The last line above arises because the variance of a random variable \(Z\) multiplied by a constant \(a\), \(Var(aZ)\) is \(a^2 Var(Z)\). Here, \(a=1/n\), so \(a^2 = 1/n^2\). Because \(Y_1,\dots,Y_n\) are independent, we can compute the variance \(Var(Y_1 + \dots + Y_n)\) by using the fact that the variance of the sum of independent random variables is the sum of their variances. This fact gives us:

\[\begin{equation} \label{sdsmderivation} \begin{split} \frac{1}{n^2} Var(Y_1 + \dots + Y_n) =& \frac{1}{n^2} (Var(Y) + \dots + Var(Y))\\ =& \frac{1}{n^2} n Var(Y)\\ =& \frac{1}{n} Var(Y)\\ =& \frac{\sigma^2}{n}\\ \end{split} \end{equation}\]
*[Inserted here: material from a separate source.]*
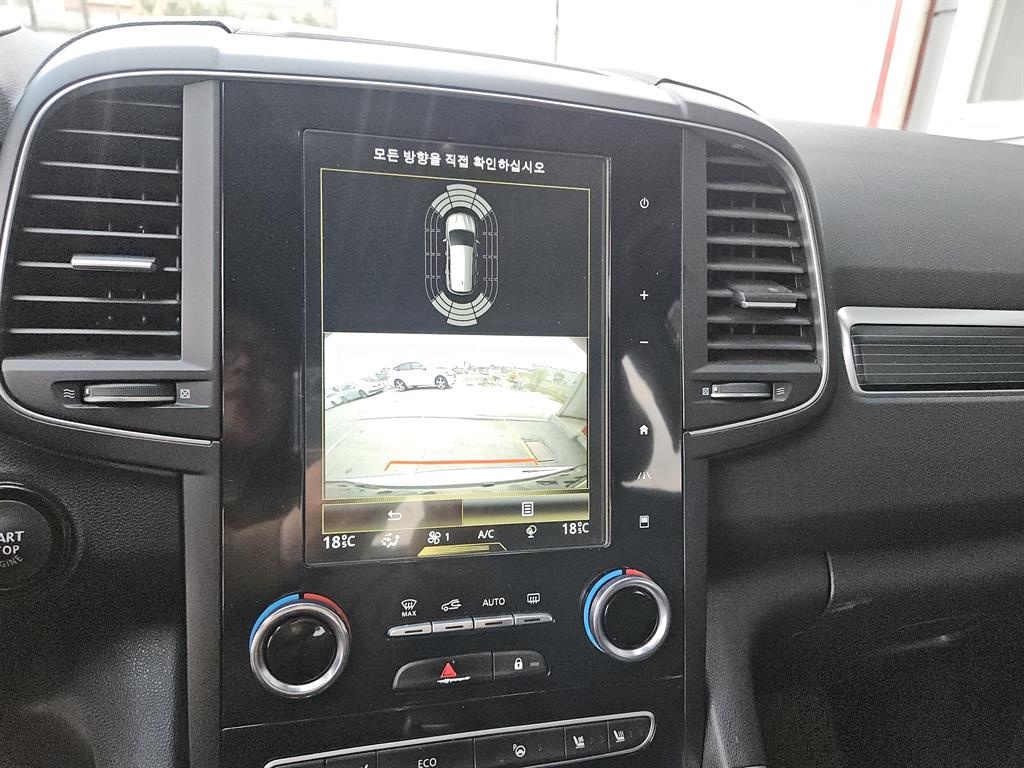 SAMSUNG QM6 - Vista 8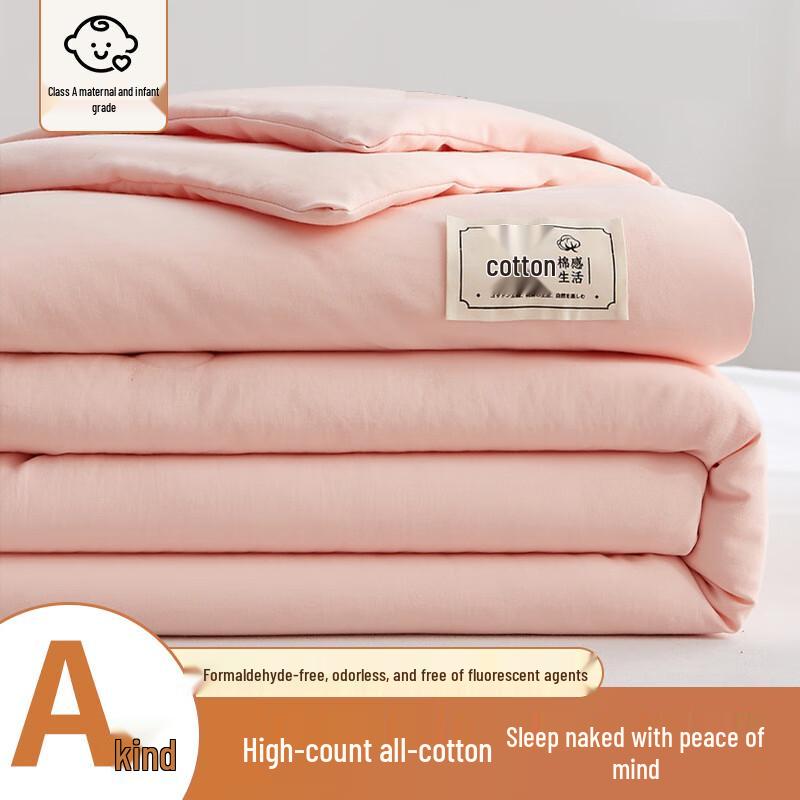 

Yamou Printed Summer Quilt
This derives the above result that the expectation (i.e., the mean) and variance of the sampling distribution of the sample means are

\[\begin{equation} E[\bar{Y}] = \mu \quad Var(\bar{Y}) = \frac{\sigma^2}{n} \end{equation}\]

The above means that we can estimate the expectation \(\bar{Y}\) and the variance of \(\bar{Y}\) from a single sample. (Of course, whether these estimates are accurate or not is subject to variation, as we will see below).

One way to state the central limit theorem is as follows. Let \(f(Y)\) be the pdf of a random variable \(Y\), and assume that the pdf has mean \(\mu\) and variance \(\sigma^2\). Then, the distribution of the mean \(\bar{Y}\) has the following form when the sample size \(n\) is large:

\[\begin{equation} \bar{Y} \sim Normal(\mu,\sigma^2/n) \end{equation}\]

For us, the practical implication of this result is huge. From a single sample of \(n\) independent data points \(y_1,\dots, y_n\), we can derive the distribution of hypothetical sample means under repeated sampling. That is, it becomes possible to say something about what the plausible and implausible values of the sample mean are under repeated sampling. This is the basis for all hypothesis testing and statistical inference in the frequentist framework that we will look at in this book.

Sometimes the central limit theorem is misunderstood to imply that the pdf \(f(Y)\) that is assumed to generate the data is always going to be normal. It is important to understand that there are two pdfs we are talking about here. First, there is the pdf that the data were generated from; this need not be normal. For example, you could get data from a Normal, Exponential, Gamma, or other distribution. Second, there is the sampling distribution of the sample mean under repeated sampling. It is the sampling distribution that the central limit theorem is about, not the distribution that generated the data.

Technically, the correct statement of the central limit theorem is as in Box 2.2.1.

The central limit theorem

If \(Y_1,\dots, Y_n\) are random samples from a random variable \(X\) with mean \(\mu\) and standard deviation \(\sigma\), then as the sample size \(n\) approaches infinity, the distribution of the random variable

\[\begin{equation} Z = \frac{\bar{Y}-\mu}{\sigma/\sqrt{n}} \end{equation}\]

is the standard normal distribution (\(\mathit{normal}(\mu=0,\sigma=1)\)).

For a formal proof, see p. 267 of Miller and Miller (2004).

The theorem is stated in terms of \(Z\) and not \(\bar{Y}\) as presented above; this is because the variance of \(\bar{Y}\) approaches 0 as n approaches infinity (because \(\sigma/\sqrt{n}\) will approach 0). But the way that we present the central limit theorem above is fine if we are talking about large \(n\) (and not about \(n\) approaching infinity).

References

Miller, I., and M. Miller. 2004. John e. Freund’s Mathematical Statistics with Applications. Prentice Hall.